___ SOURCE DATA
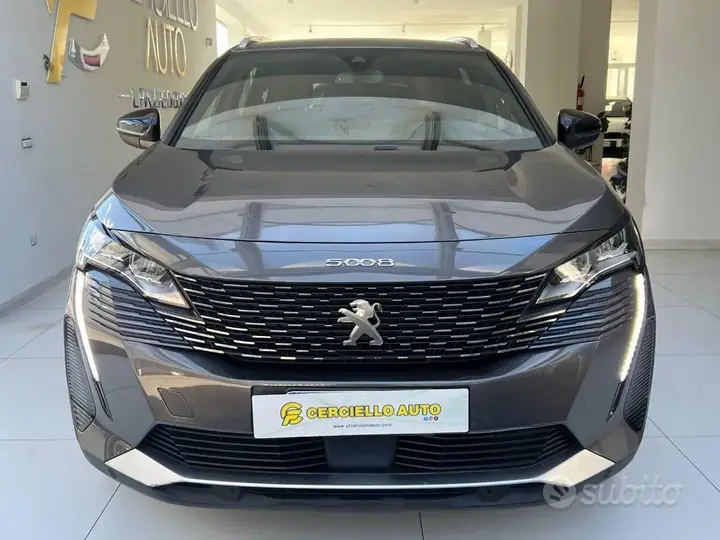 Peugeot 5008 2023 photo 5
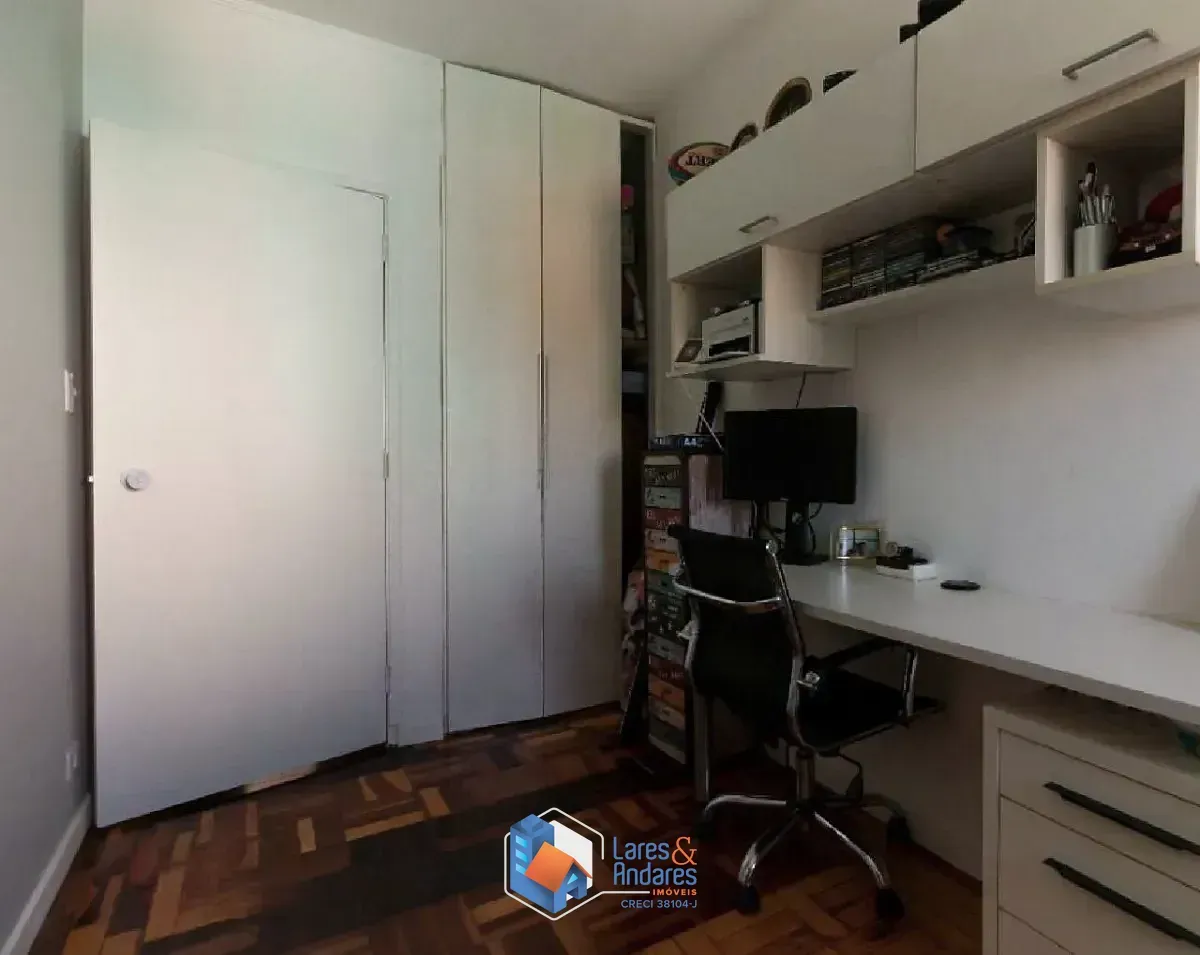 Imagem Casa para venda em Indianópolis com 3 quartos, sendo 1 suíte, 280m²
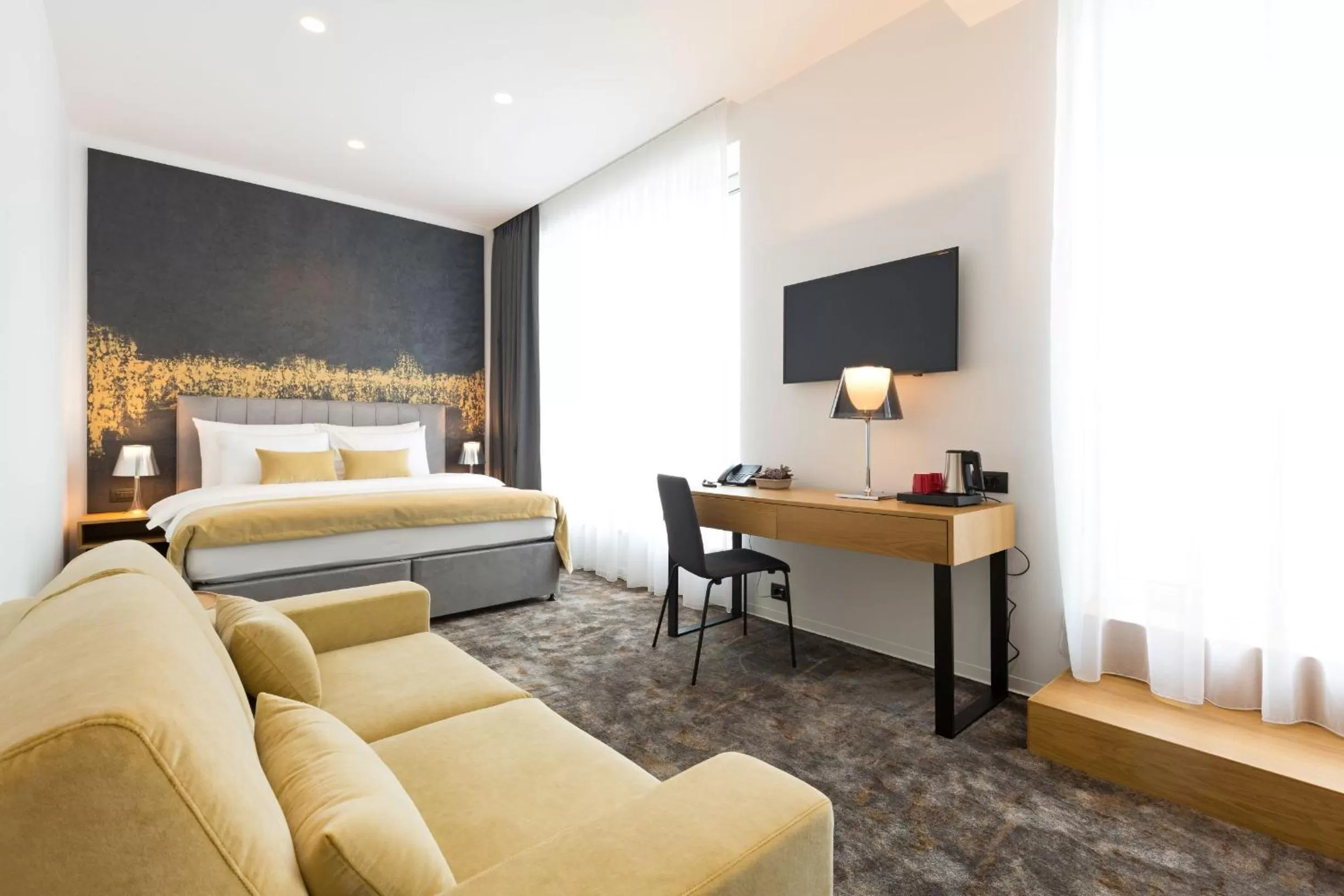 Photo of the whole room, Bed in Boutique Hotel Museum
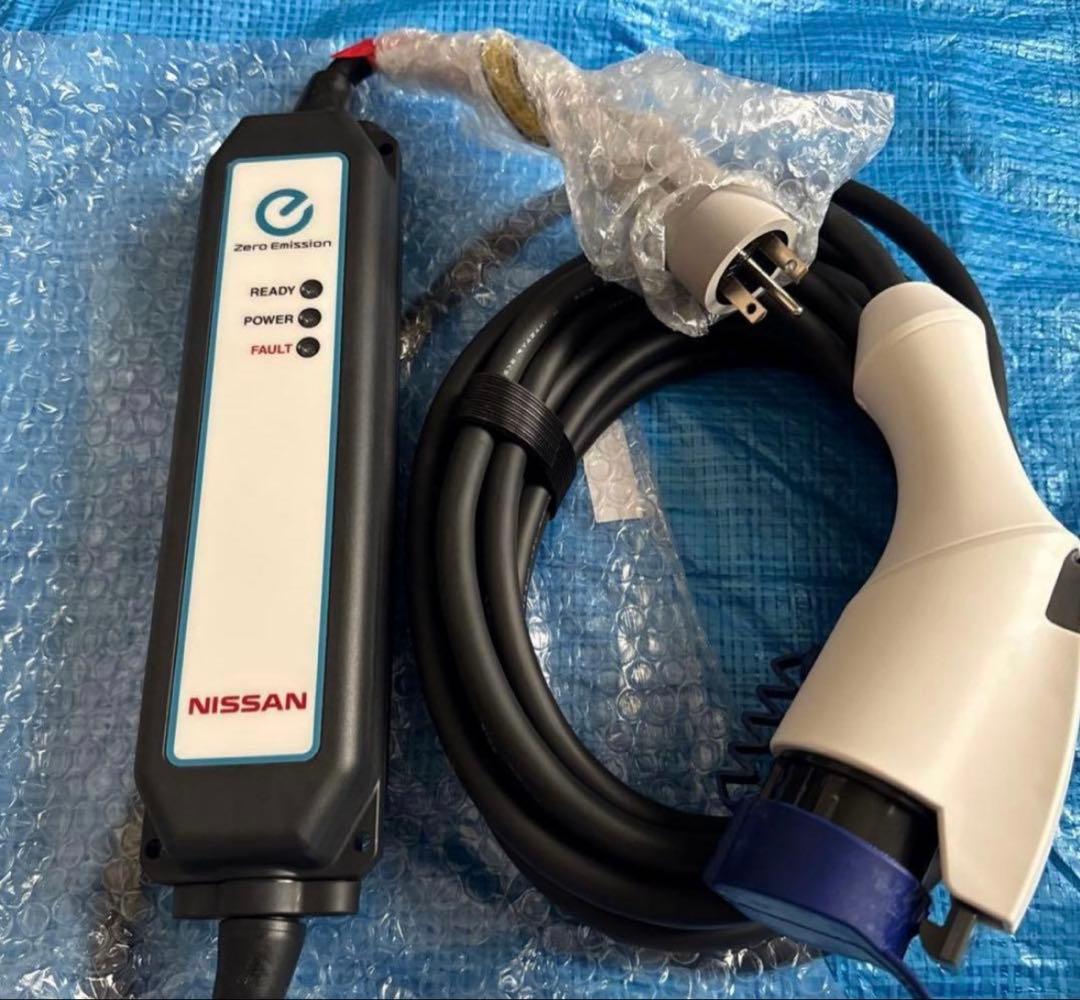 【新品】未使用 最新型番 リーフ 充電ケーブル　 6WX0A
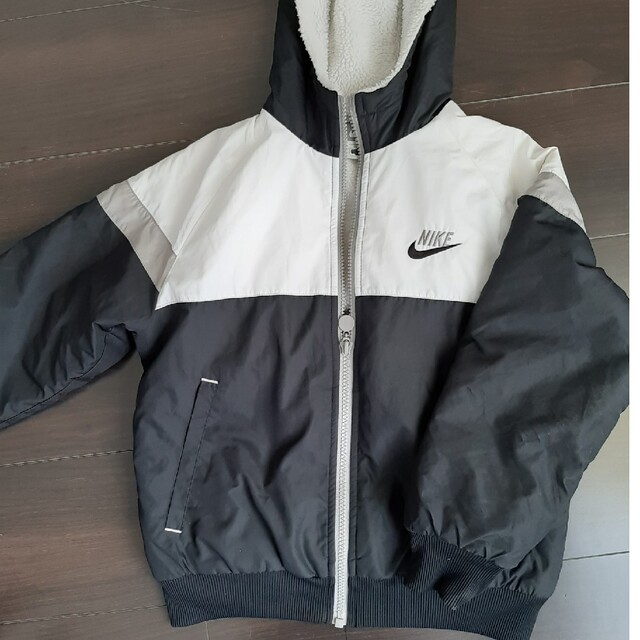 NIKE(ナイキ)のNIKE　ナイキ　130 ジャンパー　上着　ブルゾン キッズ/ベビー/マタニティのキッズ服男の子用(90cm~)(ジャケット/上着)の商品写真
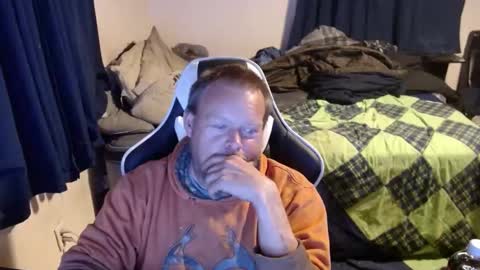 Snapshot of pecker40 chatting on December 7, 2:42 am pecker40 online show from December 7, 2:42 am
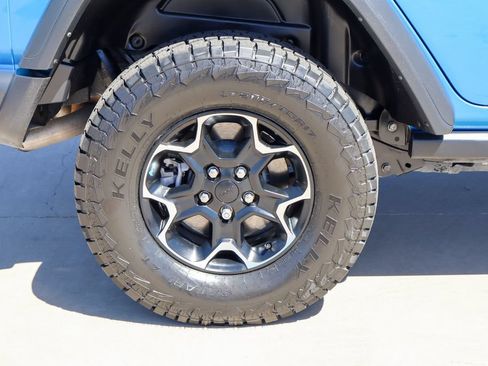 Used 2022 Jeep Wrangler Unlimited Rubicon 4xe AWD/4WD image 32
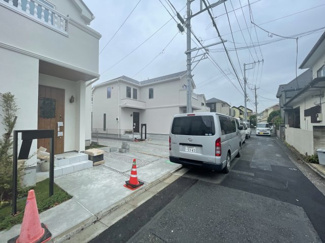 【前面道路含む現地写真】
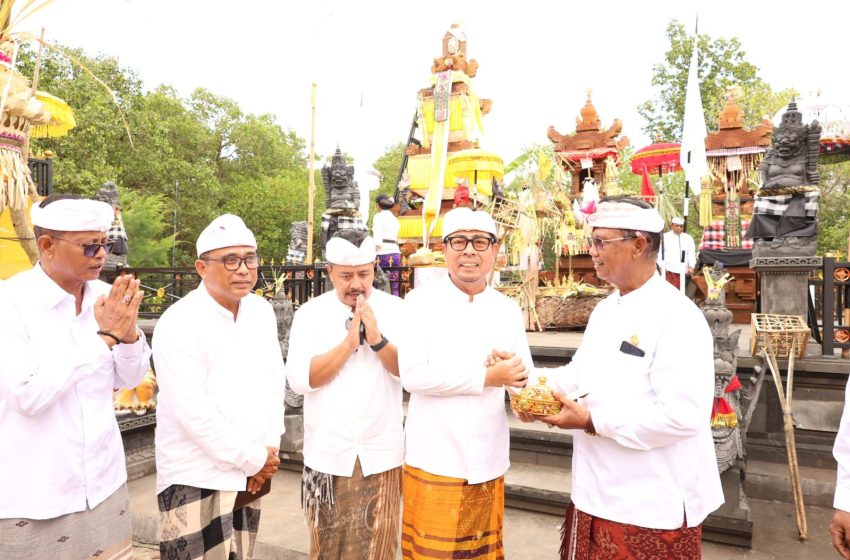  Wawali Arya Wibawa Mendem Pedagingan di Pura Segara Giri Wisesa Sidakarya: Perkuat Spirit Vasudhaiva Kutumbakam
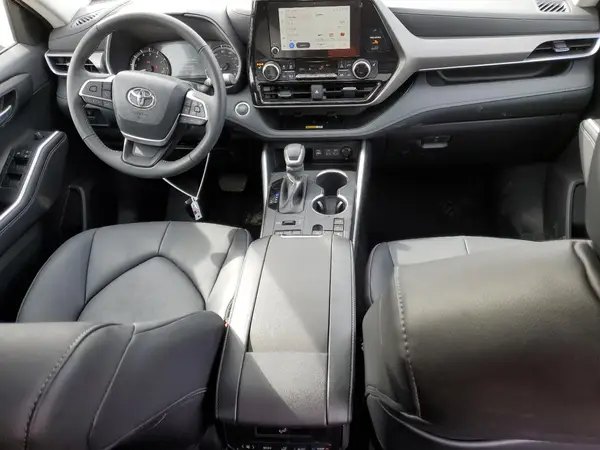 5TDKDRBH5SS575652 2025 TOYOTA HIGHLANDER - Image 8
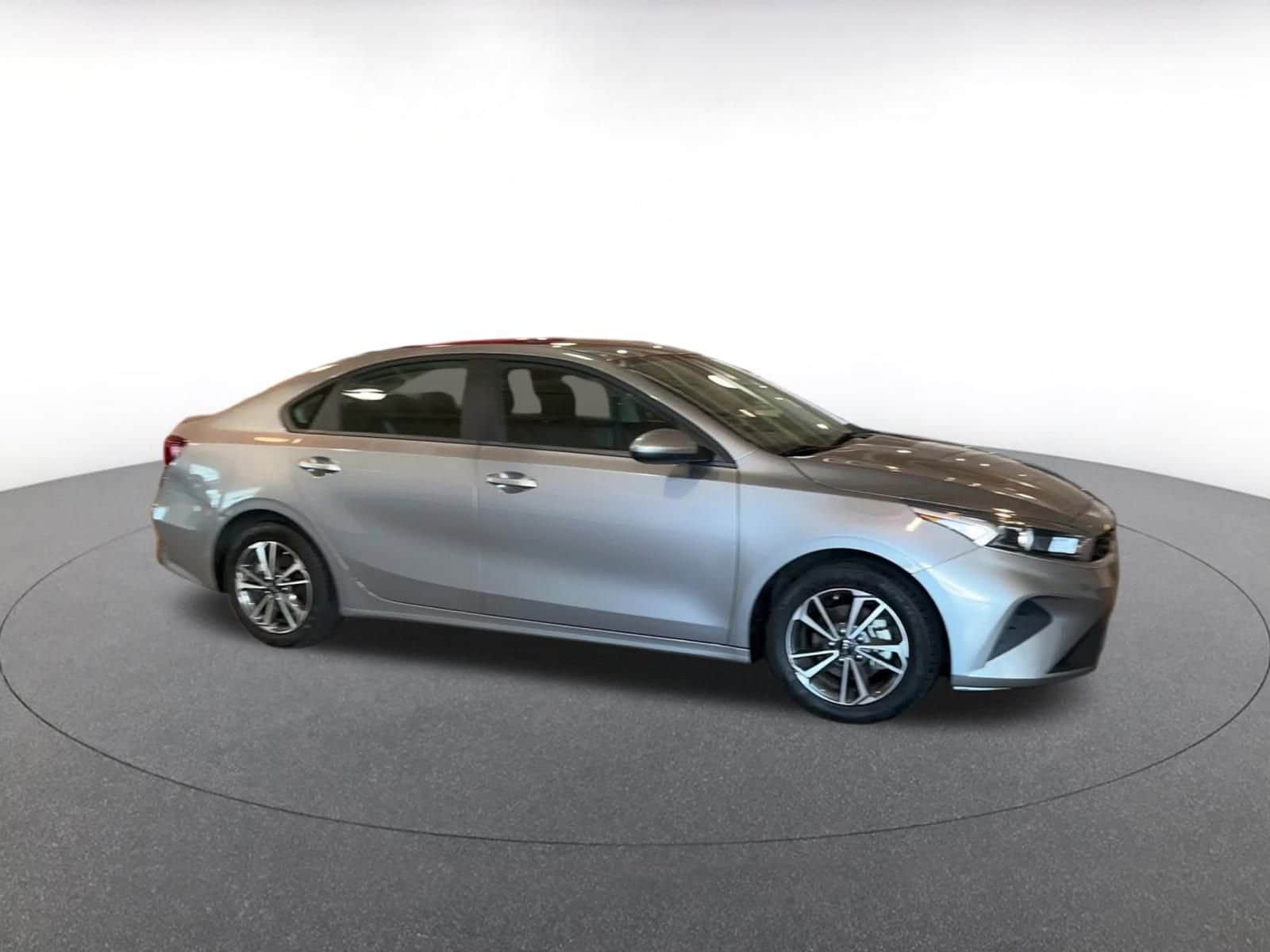 Thumbnail: 2024 Kia Forte - 2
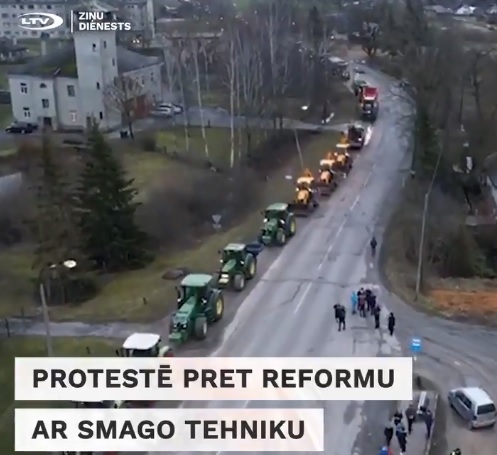 ВИДЕО и ФОТО: как в Латвии проходит протест с тяжелой техникой на дорогах 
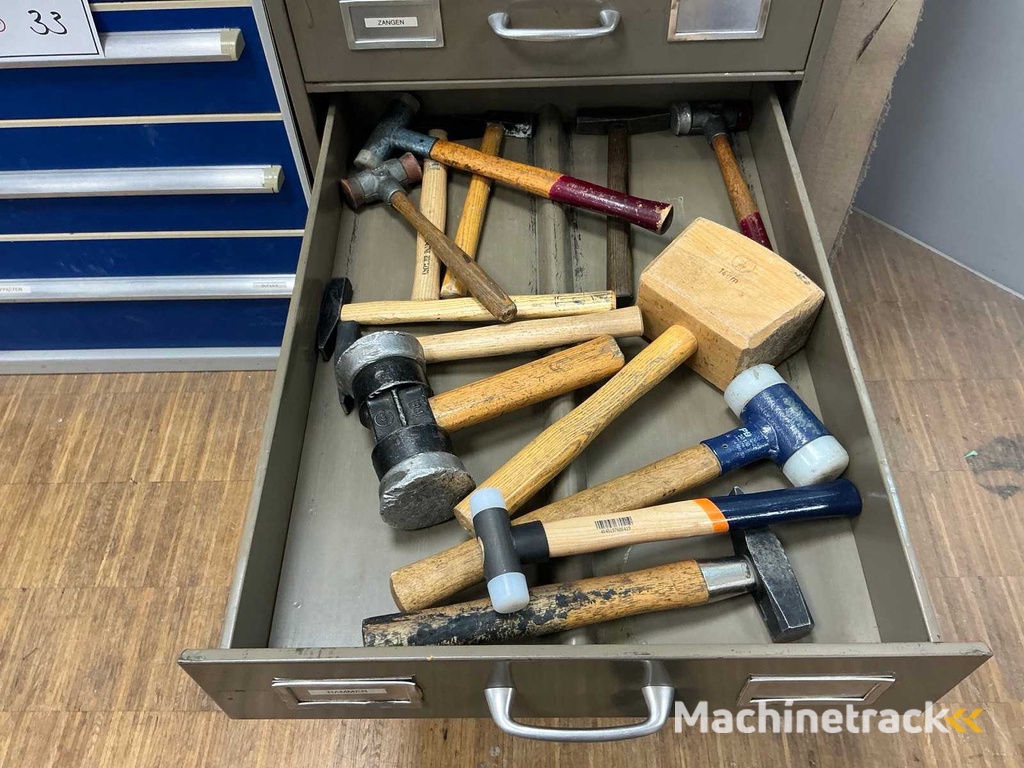 Kleine onderdelen - opbergkast met inhoud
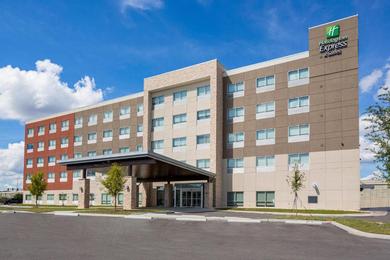 Отель Holiday Inn Express & Suites Sanford - Lake Mary, an IHG Hotel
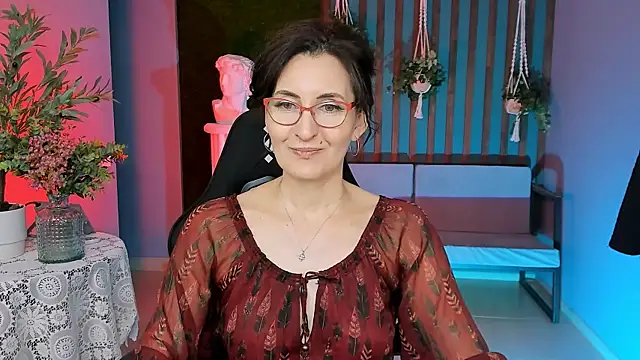 UnaTerra online show from 11-18-25, 09:14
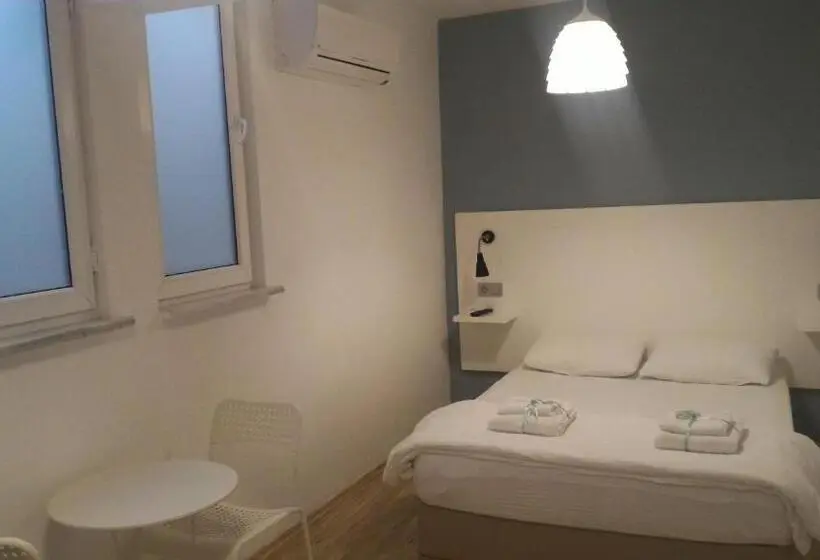 اتاق اکونومی, Alicante Hotel Adults Only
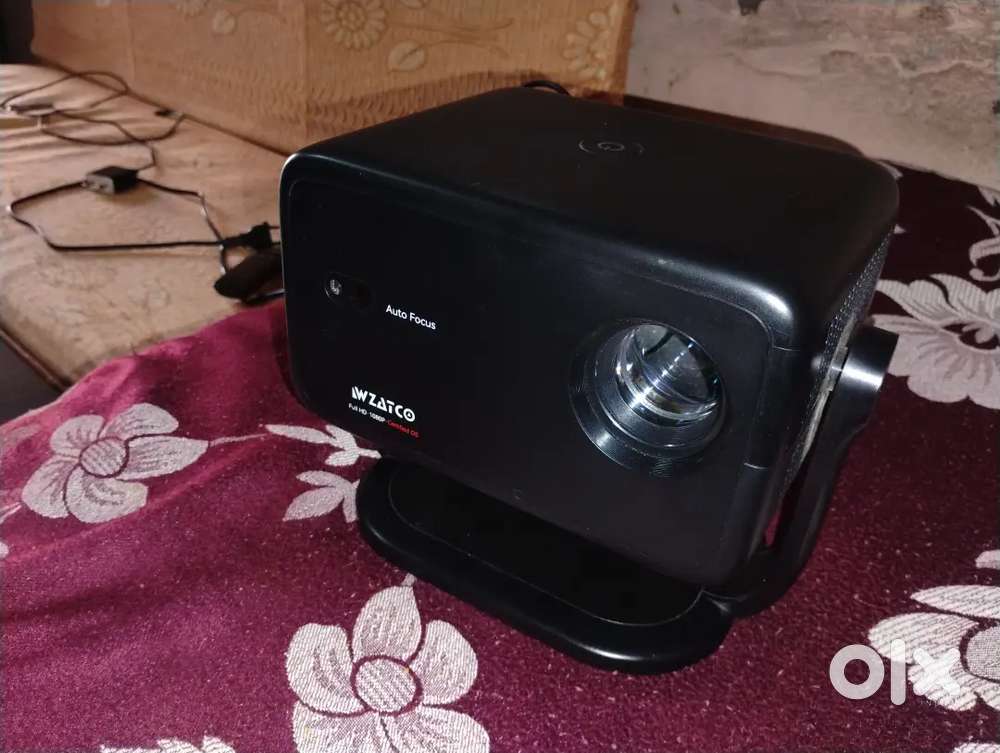 Projector Wzatco yuva vibe android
______
TRY IT. Starting with the line that contains "Wawali Arya Wibawa", print every line through the end of the data exactly as written; omit all pictures and add nothing else.

WRITTEN SOLUTION.
  Wawali Arya Wibawa Mendem Pedagingan di Pura Segara Giri Wisesa Sidakarya: Perkuat Spirit Vasudhaiva Kutumbakam
 5TDKDRBH5SS575652 2025 TOYOTA HIGHLANDER - Image 8
 Thumbnail: 2024 Kia Forte - 2
 ВИДЕО и ФОТО: как в Латвии проходит протест с тяжелой техникой на дорогах 
 Kleine onderdelen - opbergkast met inhoud
 Отель Holiday Inn Express & Suites Sanford - Lake Mary, an IHG Hotel
 UnaTerra online show from 11-18-25, 09:14
 اتاق اکونومی, Alicante Hotel Adults Only
 Projector Wzatco yuva vibe android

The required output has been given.